* Task goal: Take the line holding "HYBE首組站上大巨蛋！TXT才唱第一首感動泛淚　然竣：每天倒數來這" as the first line of the answer and the last line of the listing as its end; retype everything between exactly.
======== Material for the task ========
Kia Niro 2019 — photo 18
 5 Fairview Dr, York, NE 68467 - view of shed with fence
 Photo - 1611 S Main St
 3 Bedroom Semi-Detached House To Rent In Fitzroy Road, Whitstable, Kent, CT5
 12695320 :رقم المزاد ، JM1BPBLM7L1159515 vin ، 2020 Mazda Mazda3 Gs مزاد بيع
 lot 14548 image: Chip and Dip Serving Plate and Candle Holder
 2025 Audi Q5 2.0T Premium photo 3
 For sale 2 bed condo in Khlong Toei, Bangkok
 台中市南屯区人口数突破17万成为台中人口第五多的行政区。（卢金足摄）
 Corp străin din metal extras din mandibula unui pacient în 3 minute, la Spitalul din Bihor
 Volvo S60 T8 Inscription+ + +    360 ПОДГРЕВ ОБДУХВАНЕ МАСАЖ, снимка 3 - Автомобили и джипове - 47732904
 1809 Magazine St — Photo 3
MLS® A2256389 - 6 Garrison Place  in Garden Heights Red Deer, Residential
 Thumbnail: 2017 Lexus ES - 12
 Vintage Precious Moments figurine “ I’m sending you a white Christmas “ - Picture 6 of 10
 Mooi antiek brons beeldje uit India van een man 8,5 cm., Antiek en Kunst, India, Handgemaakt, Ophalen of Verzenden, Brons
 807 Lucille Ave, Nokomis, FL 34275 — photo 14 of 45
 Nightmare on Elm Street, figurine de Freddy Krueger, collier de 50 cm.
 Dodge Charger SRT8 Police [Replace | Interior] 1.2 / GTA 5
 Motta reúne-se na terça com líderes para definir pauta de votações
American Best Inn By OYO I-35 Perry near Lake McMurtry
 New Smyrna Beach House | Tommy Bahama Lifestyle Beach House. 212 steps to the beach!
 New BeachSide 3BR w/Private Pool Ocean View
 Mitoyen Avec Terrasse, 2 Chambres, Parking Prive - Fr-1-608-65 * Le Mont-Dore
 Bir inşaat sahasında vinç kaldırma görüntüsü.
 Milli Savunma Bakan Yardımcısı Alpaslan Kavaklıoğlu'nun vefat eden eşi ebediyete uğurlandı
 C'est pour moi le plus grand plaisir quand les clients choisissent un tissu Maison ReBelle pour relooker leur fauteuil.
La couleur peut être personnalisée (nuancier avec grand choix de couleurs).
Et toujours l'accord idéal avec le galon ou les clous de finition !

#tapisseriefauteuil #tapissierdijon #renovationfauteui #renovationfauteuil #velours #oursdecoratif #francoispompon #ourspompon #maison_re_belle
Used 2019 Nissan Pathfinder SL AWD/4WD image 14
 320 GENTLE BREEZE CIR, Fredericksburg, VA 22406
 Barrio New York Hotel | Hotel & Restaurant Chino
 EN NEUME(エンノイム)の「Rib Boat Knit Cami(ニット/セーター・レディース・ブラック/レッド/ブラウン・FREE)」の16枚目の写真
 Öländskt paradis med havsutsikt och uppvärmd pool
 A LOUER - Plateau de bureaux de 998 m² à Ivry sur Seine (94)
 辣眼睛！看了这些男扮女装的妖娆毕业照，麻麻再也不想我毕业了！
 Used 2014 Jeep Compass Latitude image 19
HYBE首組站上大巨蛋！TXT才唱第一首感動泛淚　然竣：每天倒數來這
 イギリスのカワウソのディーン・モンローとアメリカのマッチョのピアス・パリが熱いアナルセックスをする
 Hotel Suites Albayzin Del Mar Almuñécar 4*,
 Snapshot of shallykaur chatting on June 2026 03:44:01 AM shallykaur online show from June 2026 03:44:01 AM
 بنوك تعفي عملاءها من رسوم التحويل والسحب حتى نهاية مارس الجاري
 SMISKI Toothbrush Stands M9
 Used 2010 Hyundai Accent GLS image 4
========
* Solved problem:
HYBE首組站上大巨蛋！TXT才唱第一首感動泛淚　然竣：每天倒數來這
 イギリスのカワウソのディーン・モンローとアメリカのマッチョのピアス・パリが熱いアナルセックスをする
 Hotel Suites Albayzin Del Mar Almuñécar 4*,
 Snapshot of shallykaur chatting on June 2026 03:44:01 AM shallykaur online show from June 2026 03:44:01 AM
 بنوك تعفي عملاءها من رسوم التحويل والسحب حتى نهاية مارس الجاري
 SMISKI Toothbrush Stands M9
 Used 2010 Hyundai Accent GLS image 4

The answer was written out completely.